Work task. Give the data below again exactly as written, without its pictures.

Information supplied.
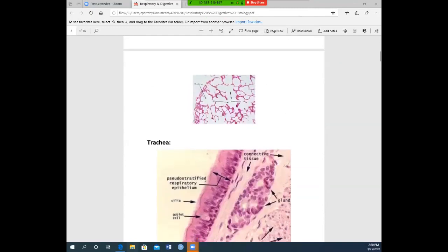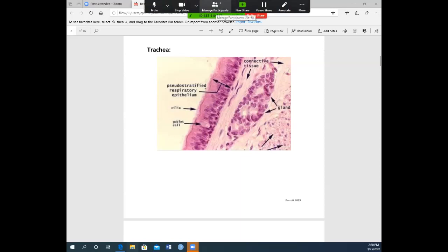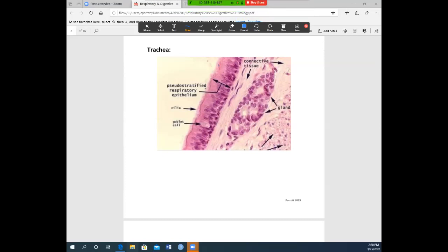Now let's go down into the trachea. The trachea is composed of pseudostratified columnar epithelium. Pseudostratified epithelium has a lot of cilia — you will see all along the top that cilia, like nose hairs in your nose. In this pseudostratified epithelium you also have goblet cells, which produce mucus.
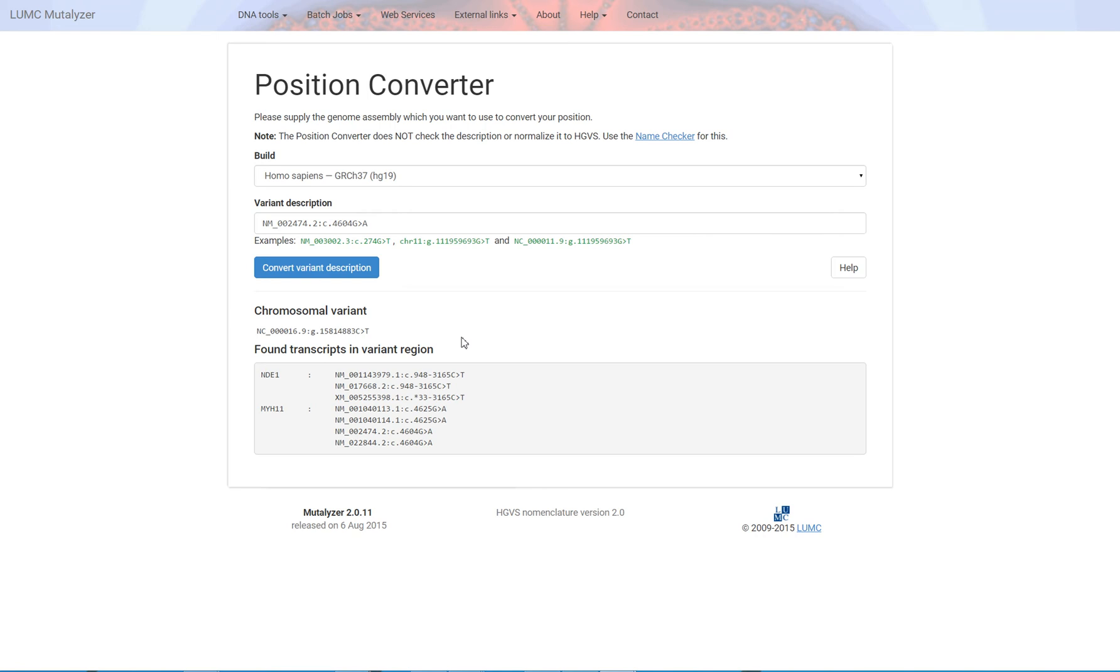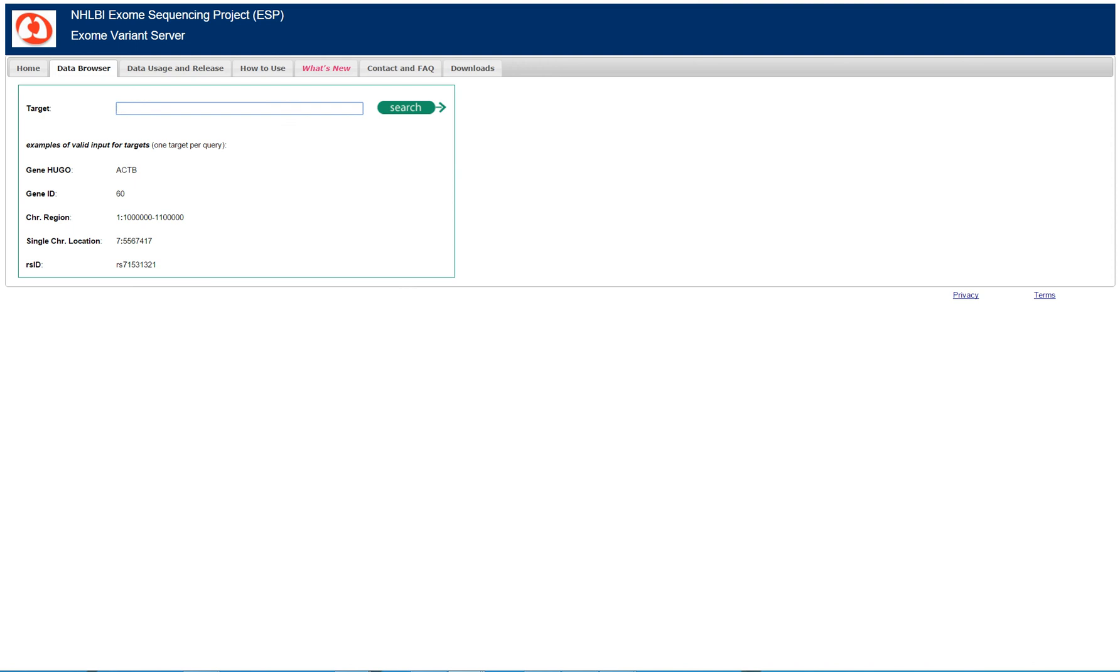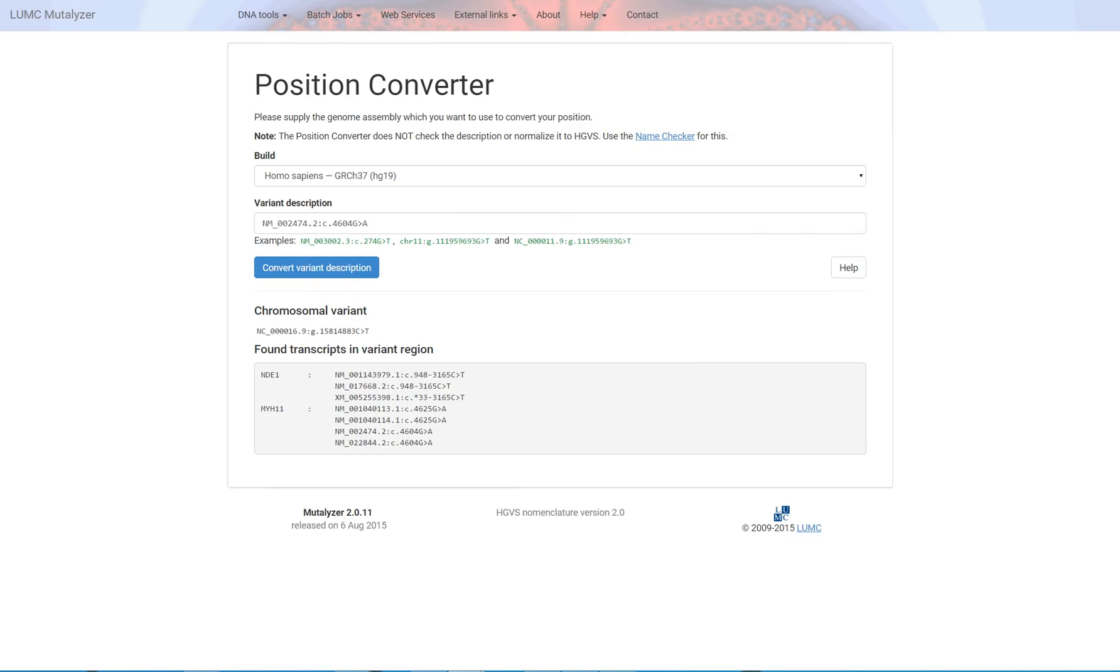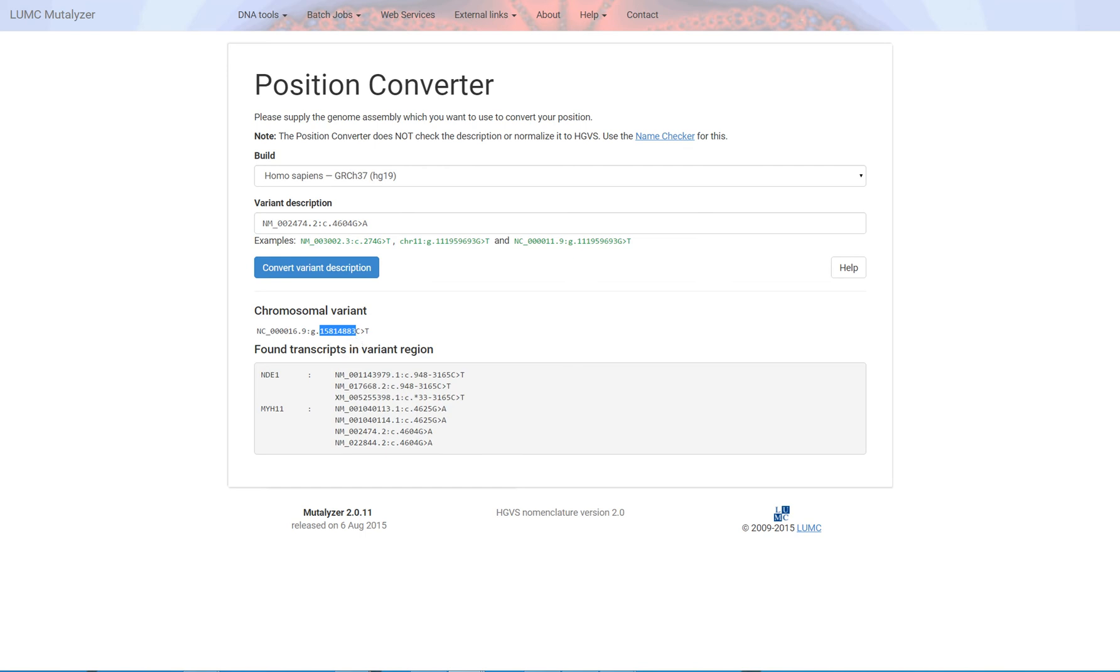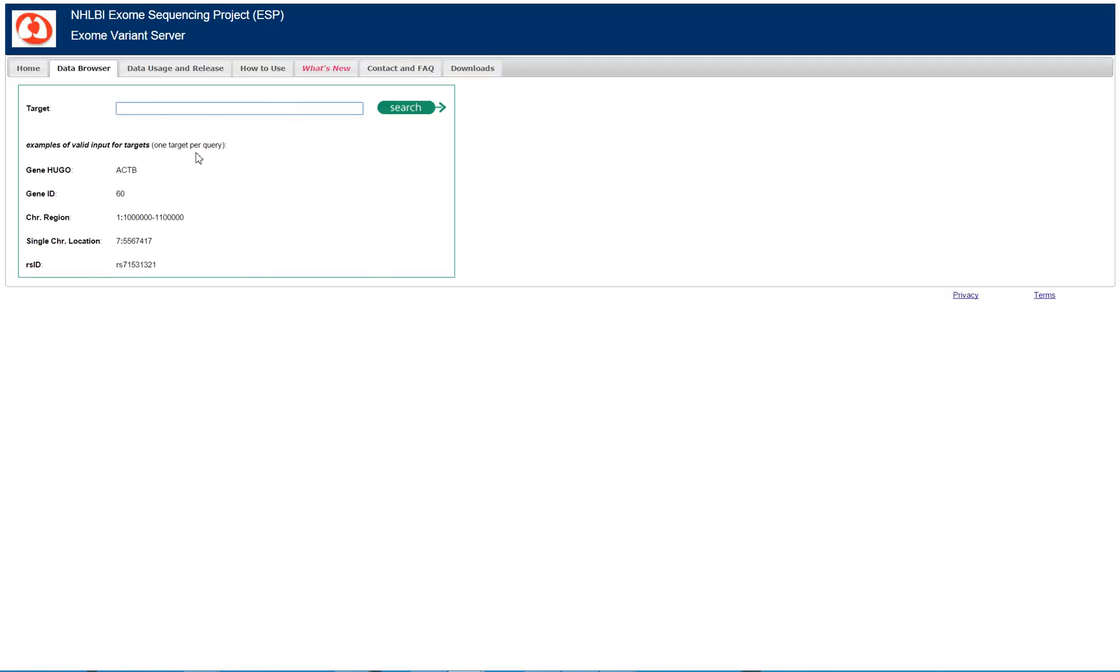If you know the genomic coordinates, you're able to use that to enter into the exome variant server. There are a few different ways to search. One of those is just by the specific chromosome location, or the genomic coordinates by chromosome. So I happen to know that this is a gene MYH11 that's present on chromosome 16, so the format for that would be 16 followed by the specific genomic coordinate.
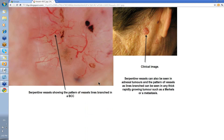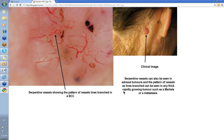Here are perhaps the more typical vessels you're going to see in your basal cell skin cancer: the serpentine vessels with a linear branching pattern. You've got some brown dots, some blue clods — probably a little bit of hemorrhage here. Remember these serpentine vessels can also be seen in adnexal tumors, and the pattern of vessels as line branched can be seen in any thick rapidly growing tumor such as a Merkel's or a metastasis. Vessels as lines branched isn't always a basal cell skin cancer, but when you've got some of these additional features, this allows you to make your diagnosis of BCC.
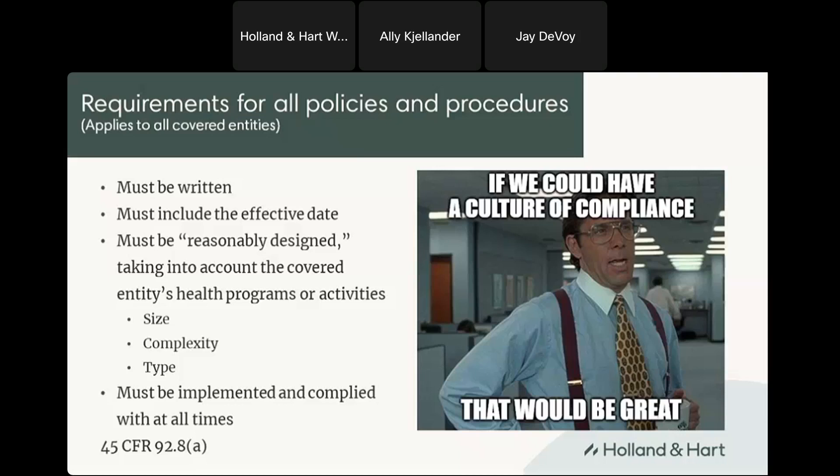There are a number of specific policies and procedures required under Section 1557. First is a non-discrimination policy. At minimum, the covered entity cannot discriminate on the basis of race, color, national origin, sex — which includes gender identity — age, or disability. In addition to national origin, that includes proficiency with languages other than English. The policy must require the entity to provide language assistance services and auxiliary aids to patients free of charge, as well as reasonable modifications for individuals with disabilities.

Answer for the task.
Now let's go down into the trachea. The trachea is composed of pseudostratified columnar epithelium. Pseudostratified epithelium has a lot of cilia — you will see all along the top that cilia, like nose hairs in your nose. In this pseudostratified epithelium you also have goblet cells, which produce mucus.
If you know the genomic coordinates, you're able to use that to enter into the exome variant server. There are a few different ways to search. One of those is just by the specific chromosome location, or the genomic coordinates by chromosome. So I happen to know that this is a gene MYH11 that's present on chromosome 16, so the format for that would be 16 followed by the specific genomic coordinate.
Here are perhaps the more typical vessels you're going to see in your basal cell skin cancer: the serpentine vessels with a linear branching pattern. You've got some brown dots, some blue clods — probably a little bit of hemorrhage here. Remember these serpentine vessels can also be seen in adnexal tumors, and the pattern of vessels as line branched can be seen in any thick rapidly growing tumor such as a Merkel's or a metastasis. Vessels as lines branched isn't always a basal cell skin cancer, but when you've got some of these additional features, this allows you to make your diagnosis of BCC.
There are a number of specific policies and procedures required under Section 1557. First is a non-discrimination policy. At minimum, the covered entity cannot discriminate on the basis of race, color, national origin, sex — which includes gender identity — age, or disability. In addition to national origin, that includes proficiency with languages other than English. The policy must require the entity to provide language assistance services and auxiliary aids to patients free of charge, as well as reasonable modifications for individuals with disabilities.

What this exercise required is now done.